Three experts weigh in on what not to do with your money
On one hand, being financially responsible is fairly straightforward: Never spend more than you bring in, save a little, don't buy lattes every day and...you'll be fine, right? Uh, no. If you're anything like us, your financial savvy is a cobbled together mish-mash of advice your mom and dad gave you, something you read in a Dave Ramsay book one time and that cousin who keeps telling you bitcoin will make you rich. Suffice it to say: There's a lot of confusion out there, so we thought we'd round up a panel of financial experts to share some of the most egregious advice offenders out there—and what you should be doing instead.
Bad advice #1: "You need to carry a balance on your credit card to build up your credit score"
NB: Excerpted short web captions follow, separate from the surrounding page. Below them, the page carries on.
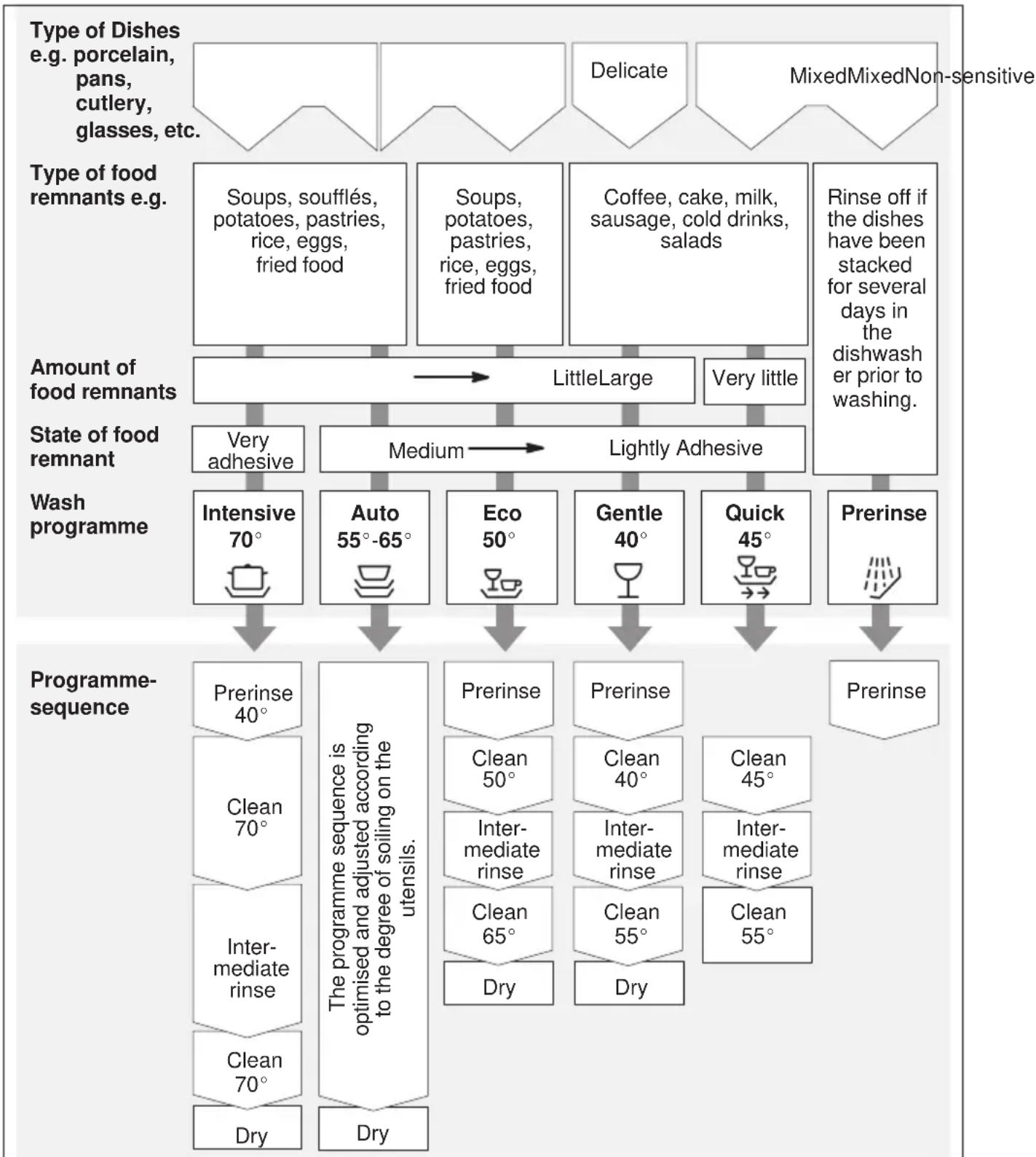 SIEMENS SE 25M250 - Overview of programmes - 1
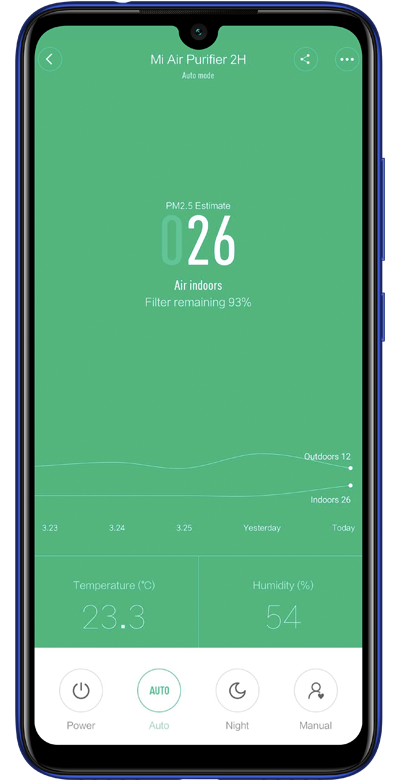 Mi air deals purifier 2h eu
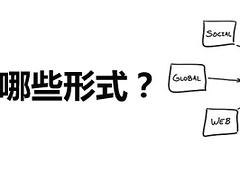 企业推广建站专业报价，如何制作网站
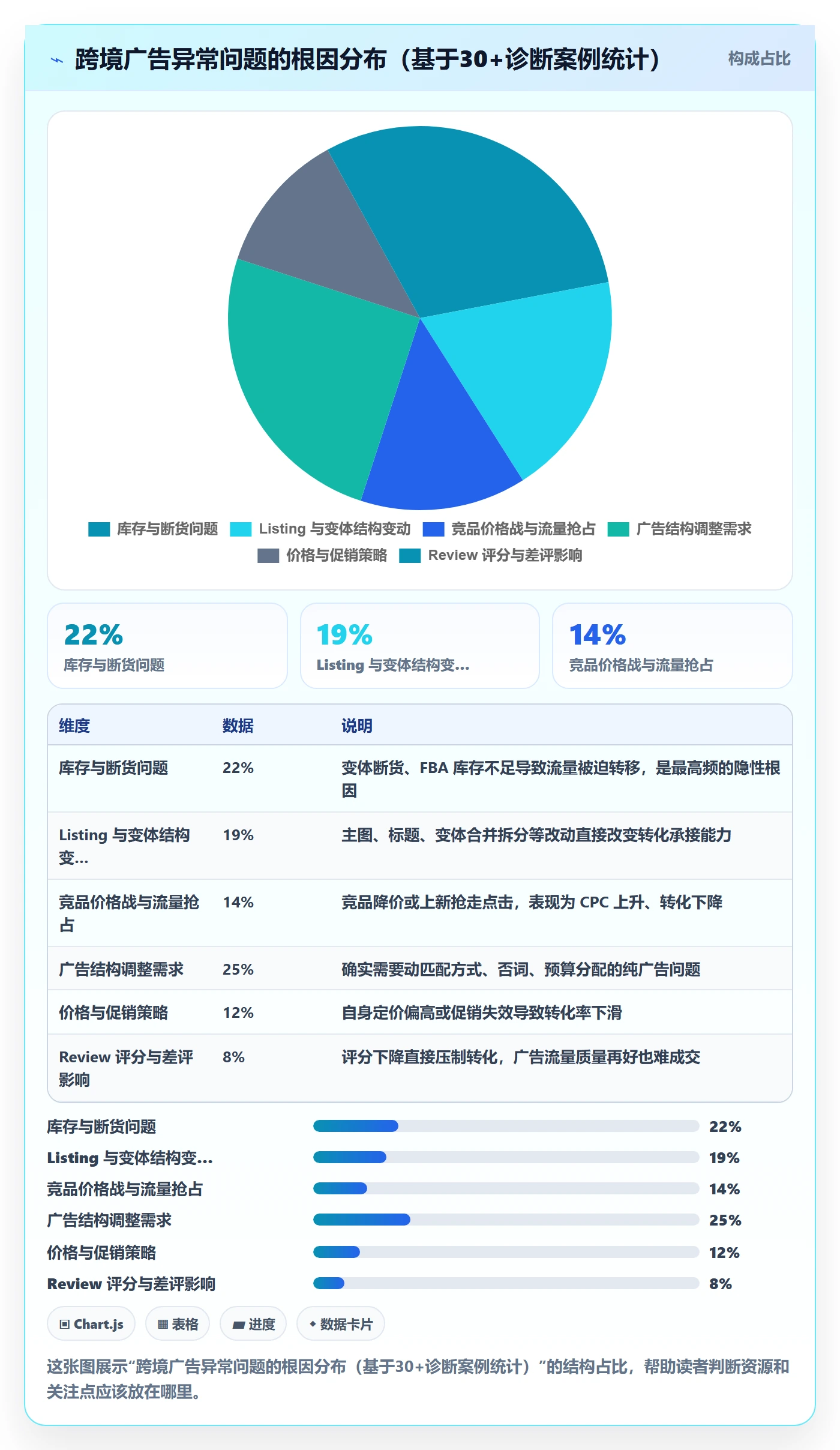 跨境电商运营问题诊断:广告投放如何用案例拆解改进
Barry Choi is the financial expert behind the blog Money We Have, and this is his personal pet peeve. "That simply isn't true! You should never carry a balance." That said, he doesn't subscribe to another school of thought that says you should avoid credit cards altogether. "By using your cards, you build up your credit score and can earn rewards on your purchases. The key thing is to pay off your entire bill on time...every month."
Bonus good advice: "When I first started working the general rule was to save 10% of your income and you would likely do alright. With the increasing cost of real estate as well as the cost of living, I just don't think that's enough. I personally try to save 25% – 40% of my income. I realize that's not possible for some people, but I want people to know that saving 10% likely won't be enough."
Bad advice #2: "Don't worry about saving in your twenties"
We get it: When you're younger, you are generally earning less money and putting anything aside at the end of the month is a miracle. But it's worth fighting for, says Erin Lowry, author of Broke Millennial: Stop Scraping By And Get Your Financial Life Together. "The point of saving, especially in your twenties, isn't just about the amount you can put away but also about building the habit," she says. "It's much harder to reverse unhealthy behaviours, of any kind, so why put yourself on that path in the first place?"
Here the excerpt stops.